Plusieurs propositions de réformettes de
l’ONU ont été avancées, et notamment la suppression du droit de veto au Conseil
de Sécurité. Mais les défenseurs de cette proposition n’ont pas compris qu’elle
va a l’encontre du principe même de sécurité collective, car il s’agirait de
reproduire au sein de l’ONU un système d’alliances et de rapports de forces (pour
obtenir la majorité qualifiée), que l’ONU devait éradiquer car soi-disant générateur
de conflits.
Or je suis convaincu du contraire, à
savoir qu’un système centré sur la sécurité collective est structurellement
instable, car il empêche la formation d’alliances et de rapprochements entre
nations afin de garantir l’équilibre de
la puissance, seul garant de stabilité. L’ONU substitue les principes aux intérêts
comme fondement de la négociation entre les acteurs internationaux ; or, étant
donné qu’on ne transige pas avec les principes, chacun campe sur ses positions
et la situation n’évolue pas. Le recours à la Realpolitik, au contraire, a souvent permis de réelles avancées diplomatiques:
l’apparition de la bombe nucléaire qui a préservé le monde d’une troisième
guerre mondiale pendant le Guerre Froide ; les accords Israélo-égyptiens
de Camp David en 1978, modèle du genre et toujours en vigueur plus de 30 ans après ;
les accords de Dayton en Bosnie après plusieurs années d’échec de l’ONU ayant
abouti entre autres à l’inaction devant le massacre de Srebrenica et à voir des
casques bleus impunément utilisés comme otages et boucliers humains contre d’éventuelles
frappes aériennes…
Napoléon disait que la haute politique
n’est que le bon sens appliqué aux grandes choses. Là où les principes sont
rois, il n’y a pas de place pour le bon sens, donc pas de place pour l’émergence
de solutions innovantes et adaptées à la réalité des relations internationales ;
ou aux attentes des protagonistes quels qu’ils soient.
2 commentaires:
Pourquoi chercher le meilleur moyen de créer les interventions? Tu dis dans ton article que l'ONU n'est pas la mieux placée pour mener des guerres, or son rôle est justement des les éviter en favorisant la négociation. L'ONU démontre au contraire son efficacité durant cette crise syrienne!
Bonjour,
"Pourquoi chercher le meilleur moyen de créer les interventions?"
=> Je n'ai pas formule les choses ainsi. L'ONU est censee trouver des solutions aux crises et conflits internationaux.
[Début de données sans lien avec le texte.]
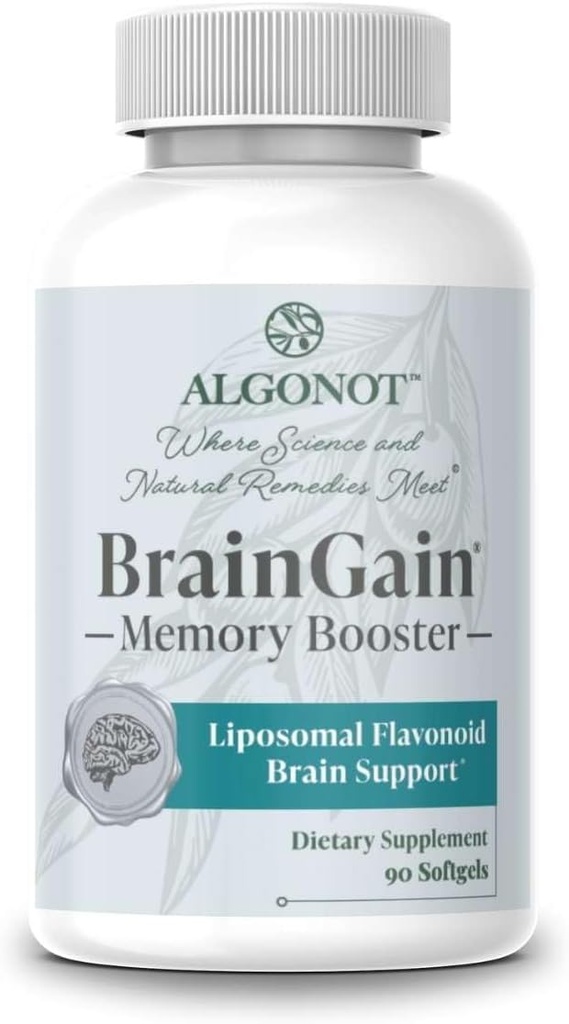 BrainGain, Luteolin & Key Ingredients with EVOO. May Support The Body in Reducing Stress While Increasing Cognitive Function. The only liposomal Luteolin Products Using Olive Pomace Oil.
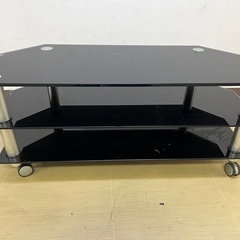 ガラス　テレビ台の画像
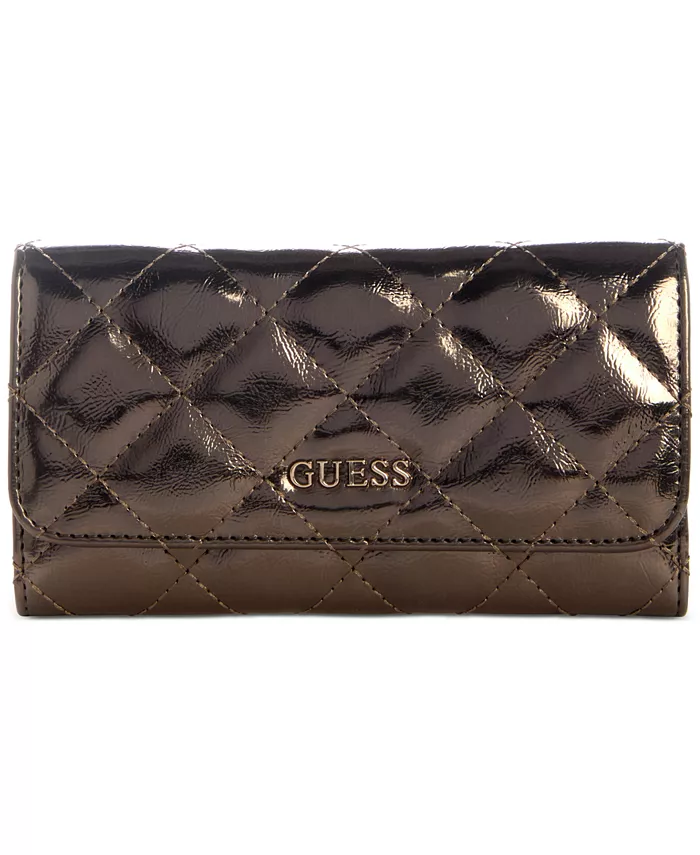 

Тонкий стеганый клатч Tinsley GUESS, серебряный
Parfois, cela peut se traduire par une intervention militaire, mais cela n'est pas une fin en soi.
"Tu dis dans ton article que l'ONU n'est pas la mieux placée pour mener des guerres, or son rôle est justement des les éviter en favorisant la négociation"
=> Il faudra me dire ou j'ai dit ca parce que c'est extrêmement bien cache dans l'article. Ici encore vous n'avez pas compris le sens de l'article. Evidemment que le but de l'ONU est de favoriser la negociation, mais il n'y a pas de negociation possible si l'institution n'est pas credible; or une composante necessaire de la credibilite est la capacite a mener une intervention militaire efficace.
"L'ONU démontre au contraire son efficacité durant cette crise syrienne!"
=> Ah bon? Allez dire ca aux gens de Homs, Haffe et Hama! Depuis le debut de la crise syrienne et depuis que l'ONU s'est empare du dossier, les affrontements n'ont jamais cesse et des massacres n'ont pu etre empeche. Si c'est cela pour vous l'efficacite, nous avons effectivement des raisons de ne pas etre d'accord.